Türkiye’de 2024 yılı itibarıyla rüzgâr ve güneş enerjisi santrallerinin elektrik üretimindeki payı yüzde 18,2’ye ulaşarak önemli bir artış gösterdi. Bu dönemde, ithal kömürle çalışan termik santraller, elektrik üretimindeki en yüksek paya sahip birincil enerji kaynağı olmayı sürdürdü. Ancak, gazla çalışan santrallerin elektrik üretimindeki payı iki puan gerileyerek yüzde 19 seviyesinde kaldı.
2024 yılında Türkiye’nin toplam elektrik üretimi 343 milyar kWh olarak gerçekleşti. Bu üretimin büyük kısmı, hidroelektrik santraller dahil olmak üzere alternatif enerji kaynaklarından sağlandı ve bu pay yüzde 45’i geçti. Geçen yıl bu oran yüzde 42 iken, hidroelektrik santrallerin payı yüzde 21,3, rüzgâr enerjisinin payı yüzde 10,7, çevresel enerji kaynaklarının payı ise yüzde 7,5 oldu. Ayrıca, jeotermal enerji kaynaklarının elektrik üretimindeki payı yüzde 3,2, biyokütle santrallerinin payı ise yüzde 2,6 olarak kaydedildi.
İklim değişikliğine yol açan fosil yakıtlarla çalışan termik santrallerin elektrik üretimindeki katkısı 2024 yılında azaldı. Kömürlü termik santrallerin payı yüzde 35,1’de kalırken, gaz santrallerinin elektrik üretimindeki payı yüzde 19’un altına düştü. Bir önceki yıl, kömürlü termik santrallerin payı yüzde 36,3’e kadar yükselmişti. Buna rağmen, ithal kömürle çalışan termik santraller, Türkiye’deki elektrik üretiminin yüzde 22’sini karşılayarak en yüksek paya sahip olmaya devam etti.
Ekosfer Derneği Yönetim Kurulu Üyesi Özgür Gürbüz, güneş enerjisindeki kapasite artışına dikkat çekerek, hidroelektrik dahil olmak üzere alternatif enerji kaynaklarının elektrik üretimindeki payının yüzde 45’e ulaşmasının önemli bir gelişme olduğunu belirtti.

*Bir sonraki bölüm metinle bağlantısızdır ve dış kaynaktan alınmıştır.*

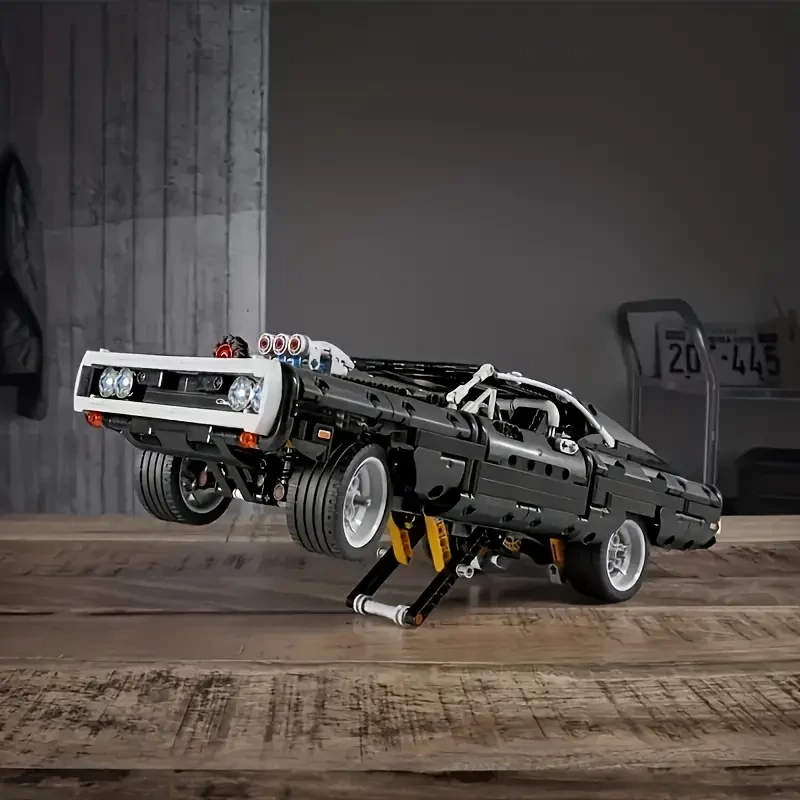High-Tech City Sport Vehicle Model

Gürbüz, 2020 yılında 11 milyar kWh olan güneş enerjisinden üretilen elektrik miktarının, 2024 yılı itibarıyla 25 milyar kWh seviyesine çıktığını vurguladı. Güneş enerjisinin kullanımının okul, hastane ve hizmet binalarında yaygınlaştırılması gerektiğini belirten Gürbüz, enerji kooperatiflerinin açılmasının bu süreci hızlandırabileceğini ifade etti.
Türkiye’nin elektrik üretiminde enerji verimliliği ve tasarruf önlemleriyle yüzde 100’e ulaşılabileceğine dikkat çeken Gürbüz, bu durumda Türkiye’nin atmosfere saldığı sera gazı emisyonlarının ciddi oranda azalacağını ve ithal enerji kaynaklarına harcanan paraların Türkiye’nin enerji ithalatı faturasını düşüreceğini söyledi. Ayrıca, Gürbüz, enerji dönüşümünü hızlandırarak, kömürlü termik santrallerin kapatılmasına yönelik net bir takvim belirlenmesi gerektiğinin altını çizdi.